Requirement:
Return the listing exactly. Keep no pictures.

Material provided:
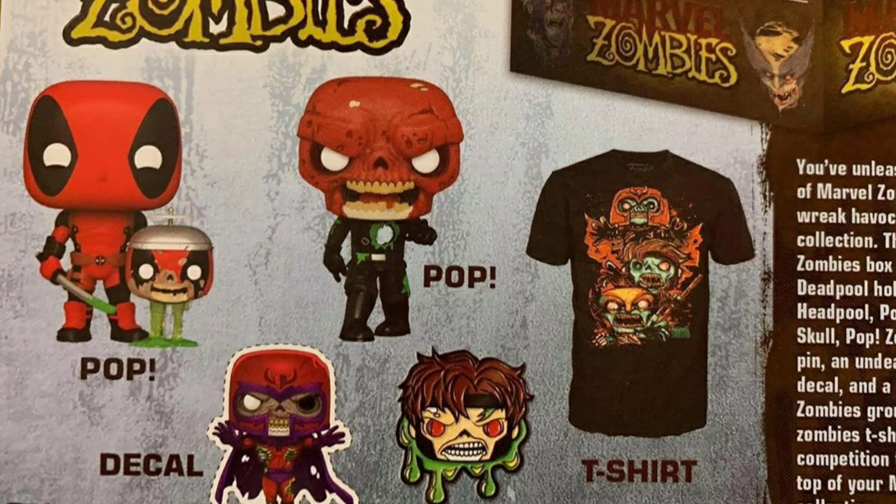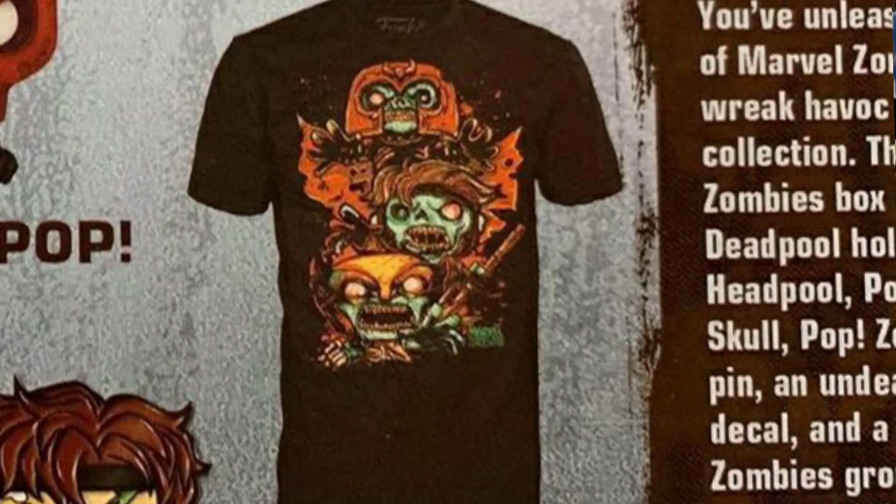Besides that, they give you a little zombie decal of Magneto. The pin looks pretty dope because it's Gambit. And now let's look at the shirt — the shirt is looking solid too, I ain't even gonna lie. You get Magneto, Gambit, and Wolverine on the front, and the shirt is black of course.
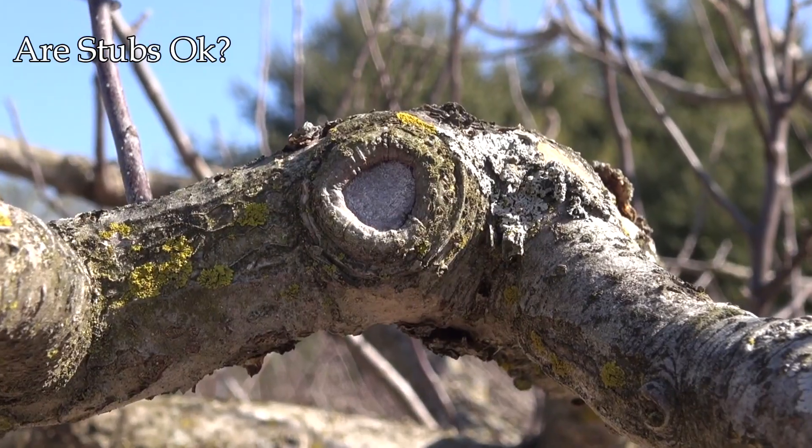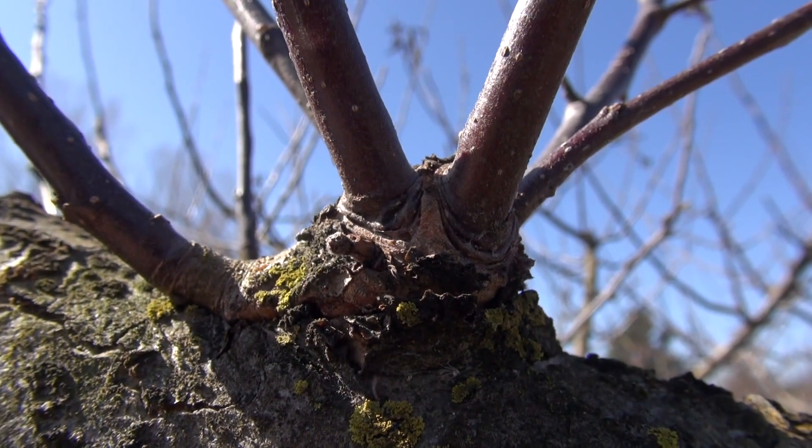Generally we do not leave stubs when pruning, but there are exceptions. Leaving stubs will promote branching near the pruning cut. If you have an open area where the cut was made, you can select one of the branches and train it to fill the spot. If you're growing a less vigorous variety like Honeycrisp, you can leave a little longer stub. When training a tree to the central leader system, if a branch is more than 50% or more of the diameter of the leader, remove it, leaving a stub to encourage another smaller branch to grow.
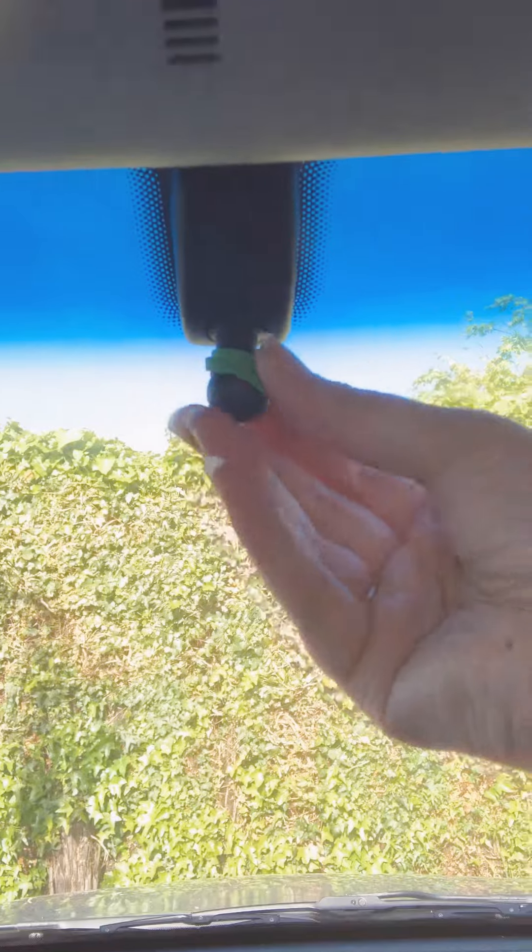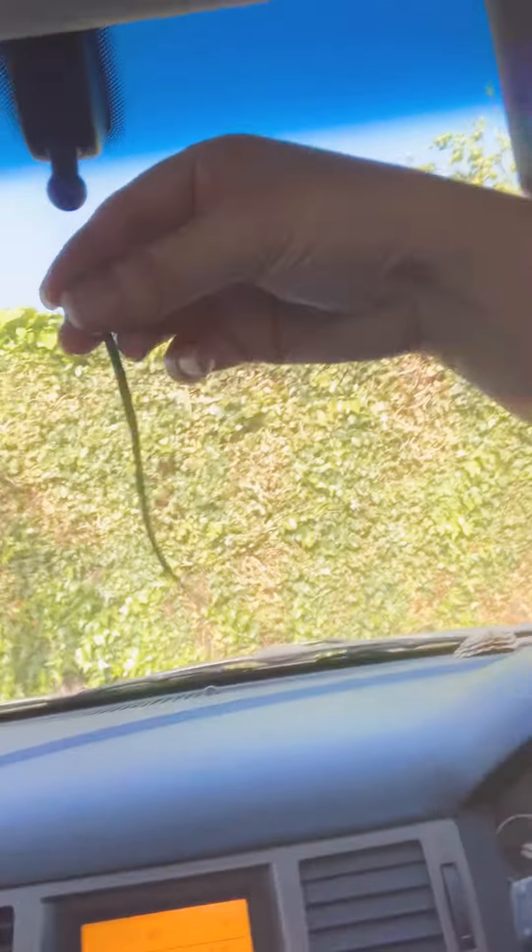I've tried stuffing things in there but it just doesn't work. The solution is to get a rubber band — just an ordinary rubber band. I broke mine, but you just wrap it around, stuff it in, and you're good to go.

Answer section:
Besides that, they give you a little zombie decal of Magneto. The pin looks pretty dope because it's Gambit. And now let's look at the shirt — the shirt is looking solid too, I ain't even gonna lie. You get Magneto, Gambit, and Wolverine on the front, and the shirt is black of course.
Generally we do not leave stubs when pruning, but there are exceptions. Leaving stubs will promote branching near the pruning cut. If you have an open area where the cut was made, you can select one of the branches and train it to fill the spot. If you're growing a less vigorous variety like Honeycrisp, you can leave a little longer stub. When training a tree to the central leader system, if a branch is more than 50% or more of the diameter of the leader, remove it, leaving a stub to encourage another smaller branch to grow.
I've tried stuffing things in there but it just doesn't work. The solution is to get a rubber band — just an ordinary rubber band. I broke mine, but you just wrap it around, stuff it in, and you're good to go.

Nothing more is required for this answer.